ADR-0026: UI Testing Strategy

DateFebruary 24, 2026

CategoryInfrastructure

Context

The UI layer described in ADR-0025 now has a stable, feature-first package layout under ui/. Test coverage across that layer is currently low and inconsistent:

Several *ViewModel classes have no unit tests (ReferenceViewModel, SomedayMaybeViewModel, a full-coverage EditItemViewModel test is absent beyond the single error-path file).
No feature has a Compose UI test for its *Screen composable.
Shared components in ui/components/ and feature-scoped components in ui/features/*/components/ are entirely untested.
The existing NavigationTest.kt covers route constant naming but does not assert that every registered destination actually renders.
The three androidTest user-journey smoke tests (PrimaryJourneySmokeTest, EditAndReclassifySmokeTest, SomedayPromotionSmokeTest) are the only end-to-end coverage in the project.

The project already carries Turbine (1.2.1), MockK (1.14.9), Robolectric (4.16.1), the Compose BOM (2026.01.01), and Espresso Core (3.7.0) in libs.versions.toml, so the necessary infrastructure is in place. What is missing is a documented, enforceable policy that specifies what to test, at which layer, with which tools, and to what coverage threshold.

Decision

We will enforce a three-tier testing pyramid for all UI code, with each tier having a defined scope, tooling choice, co-location rule, and minimum coverage expectation. No feature may be considered complete unless all three applicable tiers have been addressed.

Tier 1 — ViewModel unit tests (JVM, fast)

Scope: Every *ViewModel class. Tests cover state transitions, business-logic branching inside the ViewModel, error paths, and any derived StateFlow / SharedFlow emission.

Tooling:

kotlinx-coroutines-test with UnconfinedTestDispatcher as the default scheduler so StateFlow emissions resolve synchronously.
Turbine for all Flow/StateFlow/SharedFlow assertions — prefer turbineScope { } over collectList() hacks.
MockK for mocking infrastructure dependencies (repositories, use cases). Use coEvery / coVerify for suspend functions.
Prefer hand-written Fake* implementations (e.g.

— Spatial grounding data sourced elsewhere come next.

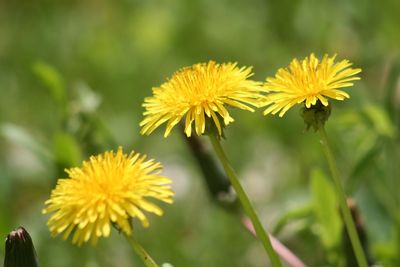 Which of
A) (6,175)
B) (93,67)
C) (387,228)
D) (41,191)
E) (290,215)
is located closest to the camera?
(290,215)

FakeInboxRepository) over MockK stubs for repositories that are exercised by many test cases — this matches the existing FakeLlmService pattern already in the codebase.

Canonical test class template:

@OptIn(ExperimentalCoroutinesApi::class)
class InboxViewModelTest {

    private val testDispatcher = UnconfinedTestDispatcher()

    @get:Rule
    val mainDispatcherRule = MainDispatcherRule(testDispatcher)   // custom TestRule

    private val fakeRepository = FakeInboxRepository()
    private lateinit var viewModel: InboxViewModel

    @Before fun setUp() {
        viewModel = InboxViewModel(fakeRepository)
    }

    @Test fun `initial state is Loading`() = runTest {
        // assert first emission
    }

    @Test fun `inbox items emitted after load`() = runTest {
        viewModel.uiState.test {
            fakeRepository.emit(listOf(anInboxItem()))
            val state = awaitItem()
            assertThat(state.items).hasSize(1)
        }
    }
}

Co-location rule: Every ui/features/<feature>/*ViewModel.kt must have a corresponding ui/features/<feature>/*ViewModelTest.kt under app/src/test/.

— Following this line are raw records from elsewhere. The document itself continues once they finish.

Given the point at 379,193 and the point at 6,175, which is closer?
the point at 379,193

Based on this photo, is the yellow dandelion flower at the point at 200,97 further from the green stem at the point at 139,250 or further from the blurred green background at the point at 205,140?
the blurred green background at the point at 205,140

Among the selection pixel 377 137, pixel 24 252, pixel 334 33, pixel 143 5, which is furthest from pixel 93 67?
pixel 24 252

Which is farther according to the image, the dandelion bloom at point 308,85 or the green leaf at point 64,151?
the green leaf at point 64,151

Coverage threshold: ≥ 80 % line coverage per ViewModel class, measured by Kover on the CI pipeline (see ADR-0022).

Tier 2 — Compose UI tests (JVM via Robolectric, medium)

Scope:

Every *Screen composable — at minimum, one test per distinct UI state the screen can render (Loading, Content, Empty, Error where applicable).
Every shared component in ui/components/ — at minimum a smoke test that the component renders without crashing across its primary variants.
Feature-scoped components in ui/features/*/components/ — tested when they contain non-trivial conditional rendering or interaction logic.

Tooling:

compose-ui-test-junit4 (androidx.compose.ui:ui-test-junit4) with createComposeRule().
Robolectric as the test runtime so these run on the JVM without an emulator. Annotate test classes with @RunWith(RobolectricTestRunner::class).
All screens are tested in state-driven isolation: the composable is called with an explicit, pre-constructed state value and a no-op or recording lambda for each callback. ViewModels are not instantiated inside Compose UI tests.
ComposeContentTestRule.onNodeWithTag() / onNodeWithText() / onNodeWithContentDescription() for assertions. testTag modifiers must be added to stateful or interactive elements that are otherwise difficult to target.
The LocusFlowTheme {} wrapper must be applied inside each setContent {} call so tokens and typography resolve correctly.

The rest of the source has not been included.